Wednesday, April 15, 2015

Medscape Presents: The Brintellix Show

As I wrote in part one of my Medscape review, the website gets high marks for up-to-the-minute coverage of psychiatric news, and it deserves kudos for posting a ton of textbook-like content on disorders and drugs. I wasn’t so thrilled with its "un-privacy" policy, which results in your personal info and browsing history being sold to third parties. 


Today we get into the dark side of Medscape Psychiatry, which is their industry-funded CME. 

Medscape Psychiatry CME Overview

Medscape offers four different categories of CME on its “CME and Education” page.  "Clinical Briefs" and "Journal Articles" are mostly not industry funded, whereas "Patient Cases" and "Knowledge and Practice" are generally industry products.  

Brintellix (vortioxetine) Background

To give you a little context, Brintellix is the latest antidepressant to be FDA approved. It is being marketed as a "multimodal" antidepressant because it has effects on several different receptor sites. The company has produced some interesting data showing that Brintellix may cause fewer sexual side effects than other antidepressants, and that it may help improve the slowed-down thinking that is common with depression. But it is not FDA approved for either of these potential advantages, because thus far, the data are far from definitive.
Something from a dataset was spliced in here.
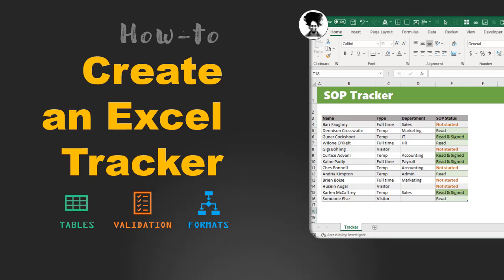Hello there and welcome to Chandu.org on YouTube. In this video, we are going to learn how to create an Excel tracker using various features like tables, data validation rules, and conditional formats.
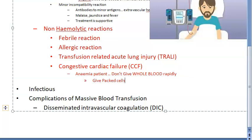If you are giving whole blood, give it slowly and give furosemide so that you can manage the volume overload.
Medscape and Takeda/Lundbeck

Medscape is the largest single recipient of pharmaceutical CME grants among all U.S. medical communications companies. According to an article in JAMA, it received $20,315,730 in 2010, the last year for which such data were aggregated. I don't know how much the company is receiving from Takeda/Lundbeck for producing CME programs, but it's probably a lot. If you click through Medscape's most technologically sophisticated online courses, a high proportion are funded by this duo.

Here are some of the titles of the courses:

Commercial Bias in One of the Courses

All of the courses listed above are likely biased in favor of Brintellix--there wouldn't be much point in paying Medscape to produce them otherwise. Since blogging is not my day job, I chose only one of them to watch: The Pharmacology of MDD Treatment: Building a Foundation With a Focus on 5-HT.

This course begins with four multiple choice questions, which are supposed to test your knowledge before you learn. Here's one of them:

Which of the following antidepressants manipulates the most serotonin receptors at once?
vilazodone
selegiline
quetiapine
vortioxetine
The correct answer? Vortioxetine. 

This is a clever way to prime the pump, to get the audience thinking about the promoted drug.

Next, we get a slide purporting to give an overview of the history of antidepressant drug development.


The big red bubble labeled MMD refers to "multimodal drug", ie., vortioxetine. That's the latest one. The implication is that it's the most technically advanced. 

Later in the program, there are a few slides highlighting "new antidepressants." Only one antidepressant gets prominently featured on two slides:


The more crucial question is not "how many ways can one drug manipulate 5-HT" (even the manufacturer states the "clinical relevance" of the drug's many serotonin actions is "unknown") but rather "how many ways can one communication company manipulate doctors's prescribing practices?"

To make their point crystal clear, one of the experts in the video glowingly endorses Brintellix, saying that its multimodal mechanism is like packing a bunch of great medicines into one:

"Vortioxetine is a great example of this multimodal thing we were talking about. It is a serotonin reuptake inhibitor, but it also is a very strong agonist at 5-HT1A, which we said you want to have an agonist there. It also is a powerful antagonist at 5-HT3 which and a powerful antagonist at 5-HT7. On paper, here is a drug that has some of these qualities we have been talking about that could make it possibly a multimodal agent almost like a built in augmentation strategy in 1 pill, which certainly would be, just practically, a little easier for patients than having to take more than 1 medicine, which we often have to do.[3-6]"

A bit later, he goes even further, implying that Brintellix uniquely targets three common symptoms of depression:

"Again, right now, the data clearly show the 3 most common residual symptoms, even with people who have a response to an antidepressant are insomnia, cognitive impairment, and fatigue. I think those are things that are not well addressed by an SSRI alone. Thinking more sophisticated, multimodal actions whether it is 1 pill that has that built in augmentation. I think that is where the field is going."
Summing up Medscape
Since the last time I reviewed a psychiatric website, I assigned a letter grade, I'll give Medscape one as well: a B-. 
Why? It gets an A for delivering bite-sized psychiatric news clips on its non-CME page, an A- for providing free but dry drug and disorders info, and an F for failing to comply with Standard 5 of ACCME's Standards for Commercial Support in its CME courses. Among other things, Standard 5 forbids a CME program from promoting a "specific proprietatry business interest of a commercial interest", and it requires that presentations "must give a balanced view of therapeutic options." 
I'm surprised that Medscape is still resorting to these shenanigans, but I guess that's what butters their bread.